Photo credit: Agustin Piñero
by Arline L. Bronzaft, Ph.D., Board of Directors, GrowNYC, Co-founder, The Quiet Coalition, and Honorary Chair, Quiet American Skies
Gabriella Sotelo’s article on Treehugger.com highlights the adverse impact of ocean noises on the lives of marine animals, including microscopic zooplankton, fish and whales. Human-made noises can impede vocalization of whales, confuse and disrupt normal fish activities and reduce numbers of zooplankton, which provide food for marine life. The bottom line is that loud ships, construction, certain engineering techniques and military sonars can cause great harm to marine life.
What can we do to reduce noise pollution in our seas? This article suggests mandatory restrictions and monetary incentives. The article goes beyond suggesting that polluting companies take direct action and recommends that all individuals can help reduce ocean noise pollution. Each person can become more informed about ocean noise pollution and pass on this information to others. More knowledge can lead to action that reduces noise. Each one of us can minimize noise when we are on boats or doing other activities in the ocean. Everyone can assume an advocacy role in protecting marine life.
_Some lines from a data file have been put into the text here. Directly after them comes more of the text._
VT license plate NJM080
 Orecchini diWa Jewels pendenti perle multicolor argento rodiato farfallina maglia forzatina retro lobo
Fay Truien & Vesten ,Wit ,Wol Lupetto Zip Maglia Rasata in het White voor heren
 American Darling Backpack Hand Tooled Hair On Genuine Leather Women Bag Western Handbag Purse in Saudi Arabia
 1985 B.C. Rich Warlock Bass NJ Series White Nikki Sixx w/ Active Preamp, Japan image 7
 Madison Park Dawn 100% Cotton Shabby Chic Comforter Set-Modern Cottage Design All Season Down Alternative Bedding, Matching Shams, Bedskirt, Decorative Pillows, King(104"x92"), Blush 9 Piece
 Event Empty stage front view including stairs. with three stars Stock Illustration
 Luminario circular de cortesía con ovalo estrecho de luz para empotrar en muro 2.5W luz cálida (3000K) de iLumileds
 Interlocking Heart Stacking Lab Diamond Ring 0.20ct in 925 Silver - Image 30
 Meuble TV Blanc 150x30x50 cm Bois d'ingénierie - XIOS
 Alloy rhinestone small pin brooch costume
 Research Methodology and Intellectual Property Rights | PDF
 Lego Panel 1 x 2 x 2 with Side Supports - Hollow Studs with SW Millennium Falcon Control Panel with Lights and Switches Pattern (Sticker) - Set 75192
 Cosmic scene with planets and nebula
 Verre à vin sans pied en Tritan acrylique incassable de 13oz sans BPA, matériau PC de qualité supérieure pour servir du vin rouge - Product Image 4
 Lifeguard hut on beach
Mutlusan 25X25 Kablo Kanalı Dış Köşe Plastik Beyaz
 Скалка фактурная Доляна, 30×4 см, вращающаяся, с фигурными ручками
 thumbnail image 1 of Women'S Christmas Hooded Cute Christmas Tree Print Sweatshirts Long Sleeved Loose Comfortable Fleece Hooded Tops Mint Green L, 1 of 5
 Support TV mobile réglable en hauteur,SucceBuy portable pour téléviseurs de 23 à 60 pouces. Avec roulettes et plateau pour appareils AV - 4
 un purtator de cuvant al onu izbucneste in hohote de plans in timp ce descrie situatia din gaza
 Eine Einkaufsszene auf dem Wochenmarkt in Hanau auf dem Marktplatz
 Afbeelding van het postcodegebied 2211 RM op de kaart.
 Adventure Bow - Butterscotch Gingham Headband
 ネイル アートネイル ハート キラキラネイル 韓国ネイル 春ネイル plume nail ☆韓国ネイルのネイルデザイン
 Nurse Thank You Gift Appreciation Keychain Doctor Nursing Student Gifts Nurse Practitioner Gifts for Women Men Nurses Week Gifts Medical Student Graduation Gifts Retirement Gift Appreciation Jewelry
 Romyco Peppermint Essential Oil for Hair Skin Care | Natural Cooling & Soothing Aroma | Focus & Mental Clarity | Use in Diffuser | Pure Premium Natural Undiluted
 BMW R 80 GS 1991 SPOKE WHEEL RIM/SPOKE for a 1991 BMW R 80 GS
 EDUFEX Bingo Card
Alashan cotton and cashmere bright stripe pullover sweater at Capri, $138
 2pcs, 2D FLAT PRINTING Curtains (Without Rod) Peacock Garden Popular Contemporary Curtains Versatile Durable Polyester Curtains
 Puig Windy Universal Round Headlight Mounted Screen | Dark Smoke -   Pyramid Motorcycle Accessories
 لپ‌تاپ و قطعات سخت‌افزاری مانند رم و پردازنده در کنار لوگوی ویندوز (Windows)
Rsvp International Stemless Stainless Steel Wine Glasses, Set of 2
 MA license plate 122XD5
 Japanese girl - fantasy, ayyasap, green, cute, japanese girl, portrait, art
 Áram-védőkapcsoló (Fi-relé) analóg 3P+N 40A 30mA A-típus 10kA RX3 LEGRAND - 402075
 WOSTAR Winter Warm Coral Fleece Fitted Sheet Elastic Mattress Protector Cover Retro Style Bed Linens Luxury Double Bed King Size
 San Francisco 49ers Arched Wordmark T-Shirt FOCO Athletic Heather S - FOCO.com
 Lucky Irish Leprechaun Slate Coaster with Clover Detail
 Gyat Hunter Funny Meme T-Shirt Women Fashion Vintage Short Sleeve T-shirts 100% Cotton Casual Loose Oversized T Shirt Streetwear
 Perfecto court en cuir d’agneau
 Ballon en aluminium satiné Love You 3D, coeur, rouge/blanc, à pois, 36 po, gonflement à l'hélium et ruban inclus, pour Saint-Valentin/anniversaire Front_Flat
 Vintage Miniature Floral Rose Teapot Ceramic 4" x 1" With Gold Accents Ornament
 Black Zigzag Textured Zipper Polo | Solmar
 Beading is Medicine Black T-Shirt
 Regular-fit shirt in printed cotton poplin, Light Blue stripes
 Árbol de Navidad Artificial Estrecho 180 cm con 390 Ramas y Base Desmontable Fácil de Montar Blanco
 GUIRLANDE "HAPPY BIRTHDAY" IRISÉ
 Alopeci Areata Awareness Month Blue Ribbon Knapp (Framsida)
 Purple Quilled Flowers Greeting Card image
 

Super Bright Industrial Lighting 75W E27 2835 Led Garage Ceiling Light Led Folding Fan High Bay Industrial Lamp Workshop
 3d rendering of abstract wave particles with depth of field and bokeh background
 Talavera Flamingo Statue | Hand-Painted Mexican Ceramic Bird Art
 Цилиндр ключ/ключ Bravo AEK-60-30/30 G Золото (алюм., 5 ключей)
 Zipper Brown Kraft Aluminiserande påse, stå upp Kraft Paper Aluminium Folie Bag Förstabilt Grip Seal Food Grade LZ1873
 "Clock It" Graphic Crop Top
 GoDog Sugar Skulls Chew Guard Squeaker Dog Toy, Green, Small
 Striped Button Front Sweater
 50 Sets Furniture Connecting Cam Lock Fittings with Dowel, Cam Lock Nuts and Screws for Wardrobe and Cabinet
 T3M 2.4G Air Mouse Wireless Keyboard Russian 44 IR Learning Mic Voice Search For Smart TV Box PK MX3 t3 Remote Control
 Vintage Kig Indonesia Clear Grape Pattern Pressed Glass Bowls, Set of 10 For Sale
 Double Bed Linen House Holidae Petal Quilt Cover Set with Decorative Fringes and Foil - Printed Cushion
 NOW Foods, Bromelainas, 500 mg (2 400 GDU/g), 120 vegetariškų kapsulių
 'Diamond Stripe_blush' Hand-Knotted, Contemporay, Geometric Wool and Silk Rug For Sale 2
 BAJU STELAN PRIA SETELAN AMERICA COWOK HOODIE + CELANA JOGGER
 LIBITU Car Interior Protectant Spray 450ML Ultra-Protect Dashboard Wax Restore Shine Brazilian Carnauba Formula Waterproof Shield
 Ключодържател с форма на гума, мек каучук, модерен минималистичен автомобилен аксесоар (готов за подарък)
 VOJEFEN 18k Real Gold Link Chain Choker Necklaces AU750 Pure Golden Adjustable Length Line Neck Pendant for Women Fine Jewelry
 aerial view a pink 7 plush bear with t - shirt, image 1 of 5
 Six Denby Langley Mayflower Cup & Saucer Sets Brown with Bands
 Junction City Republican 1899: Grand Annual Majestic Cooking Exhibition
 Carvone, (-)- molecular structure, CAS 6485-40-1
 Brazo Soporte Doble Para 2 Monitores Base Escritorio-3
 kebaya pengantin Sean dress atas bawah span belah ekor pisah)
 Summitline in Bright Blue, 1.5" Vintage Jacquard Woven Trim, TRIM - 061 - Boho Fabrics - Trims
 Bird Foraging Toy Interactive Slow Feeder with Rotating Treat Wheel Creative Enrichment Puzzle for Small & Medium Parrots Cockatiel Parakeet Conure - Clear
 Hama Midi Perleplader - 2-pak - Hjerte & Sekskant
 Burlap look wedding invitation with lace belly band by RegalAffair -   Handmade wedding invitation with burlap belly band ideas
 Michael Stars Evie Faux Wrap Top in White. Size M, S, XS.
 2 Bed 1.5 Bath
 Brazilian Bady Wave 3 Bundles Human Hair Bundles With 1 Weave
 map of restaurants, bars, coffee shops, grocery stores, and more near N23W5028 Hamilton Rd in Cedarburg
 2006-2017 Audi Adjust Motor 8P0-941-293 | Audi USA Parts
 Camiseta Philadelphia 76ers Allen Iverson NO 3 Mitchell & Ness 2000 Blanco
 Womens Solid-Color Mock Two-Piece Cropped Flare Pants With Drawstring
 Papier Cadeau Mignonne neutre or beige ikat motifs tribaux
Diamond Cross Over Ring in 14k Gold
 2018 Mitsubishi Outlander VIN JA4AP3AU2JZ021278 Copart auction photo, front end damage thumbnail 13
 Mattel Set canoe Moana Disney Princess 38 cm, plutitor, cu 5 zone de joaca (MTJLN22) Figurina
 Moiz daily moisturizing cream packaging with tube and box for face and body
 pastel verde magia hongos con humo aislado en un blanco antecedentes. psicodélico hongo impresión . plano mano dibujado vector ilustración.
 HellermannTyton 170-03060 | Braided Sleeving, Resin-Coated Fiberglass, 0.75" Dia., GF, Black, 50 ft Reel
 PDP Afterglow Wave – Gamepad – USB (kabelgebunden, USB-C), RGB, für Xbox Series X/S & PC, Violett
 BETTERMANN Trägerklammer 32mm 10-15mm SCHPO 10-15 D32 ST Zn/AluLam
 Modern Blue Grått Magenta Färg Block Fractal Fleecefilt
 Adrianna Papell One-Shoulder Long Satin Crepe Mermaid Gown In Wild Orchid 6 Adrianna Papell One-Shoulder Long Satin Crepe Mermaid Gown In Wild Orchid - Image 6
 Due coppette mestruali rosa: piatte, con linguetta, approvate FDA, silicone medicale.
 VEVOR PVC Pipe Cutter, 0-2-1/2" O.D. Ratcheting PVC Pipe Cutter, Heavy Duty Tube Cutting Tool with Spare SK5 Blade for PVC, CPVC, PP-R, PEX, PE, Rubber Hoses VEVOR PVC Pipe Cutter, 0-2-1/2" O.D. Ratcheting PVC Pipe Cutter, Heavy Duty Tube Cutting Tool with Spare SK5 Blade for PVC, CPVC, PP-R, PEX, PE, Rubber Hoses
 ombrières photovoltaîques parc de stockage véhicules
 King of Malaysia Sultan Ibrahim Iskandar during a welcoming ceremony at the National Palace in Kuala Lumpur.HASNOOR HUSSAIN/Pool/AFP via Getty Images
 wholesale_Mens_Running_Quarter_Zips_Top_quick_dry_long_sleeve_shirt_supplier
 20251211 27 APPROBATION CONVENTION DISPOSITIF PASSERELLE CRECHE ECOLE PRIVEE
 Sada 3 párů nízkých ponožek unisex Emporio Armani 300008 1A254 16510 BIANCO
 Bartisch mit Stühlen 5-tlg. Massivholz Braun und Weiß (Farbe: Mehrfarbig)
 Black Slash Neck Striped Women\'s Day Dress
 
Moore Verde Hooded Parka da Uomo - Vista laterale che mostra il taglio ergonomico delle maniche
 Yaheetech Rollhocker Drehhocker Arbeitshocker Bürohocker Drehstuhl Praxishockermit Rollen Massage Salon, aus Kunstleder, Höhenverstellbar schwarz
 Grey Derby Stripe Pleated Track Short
This article is one of many that are focused on noise pollution in our seas. Last week, the New York Times’ story about how a scarcity of Alaskan king salmon is affecting orcas, also mentions that “the constant drone of boat noise interferes with the whales’ echolocation and the ability to hunt.” I hope that our posts on noise pollution harming sea life serve as incentives to our readers to urge legislators to seek ways to lessen this detrimental pollutant in our waterways.